**How to complete this task:** Print the listing in its entirety and exactly, leaving out images.

**Source data:**
=== Section Start ===
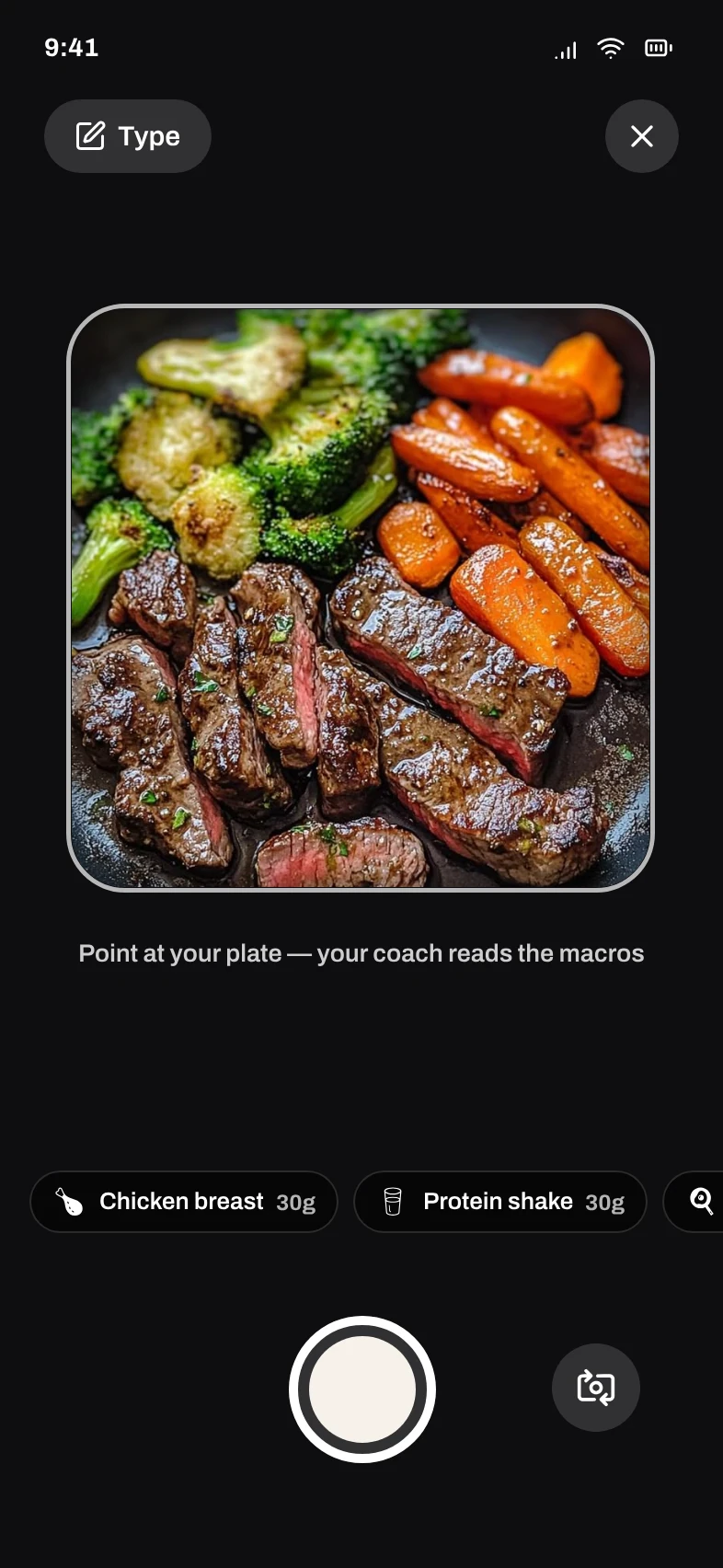 WheyGPT camera scan screen, ready to read your plate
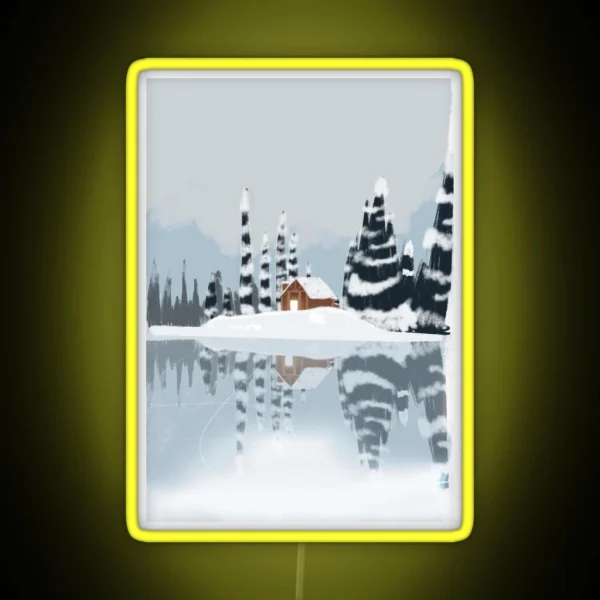 Cabin In Snowy Mountains RGB Neon Sign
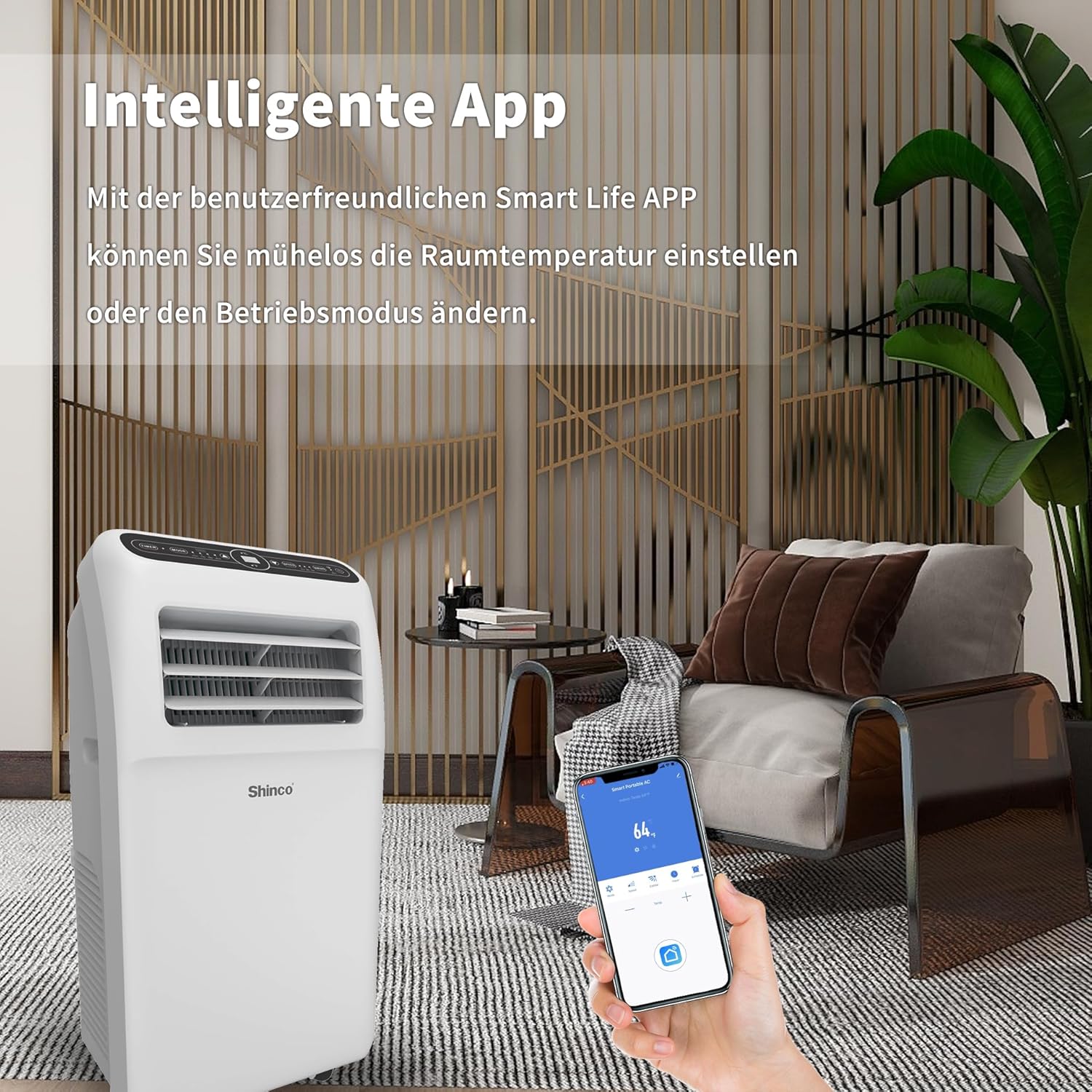 SHINCO Mobiele airconditioning met luchtafvoerslang, 9000 BTU, 2,6 kW, Koelen&Ventileren&Ontvochtigen, Mobiel airco-apparaat met slaapstand, Ruimte tot 22㎡, 24-uurs timer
=== Section End ===
**Response to this exercise:**
 WheyGPT camera scan screen, ready to read your plate
 Cabin In Snowy Mountains RGB Neon Sign
 SHINCO Mobiele airconditioning met luchtafvoerslang, 9000 BTU, 2,6 kW, Koelen&Ventileren&Ontvochtigen, Mobiel airco-apparaat met slaapstand, Ruimte tot 22㎡, 24-uurs timer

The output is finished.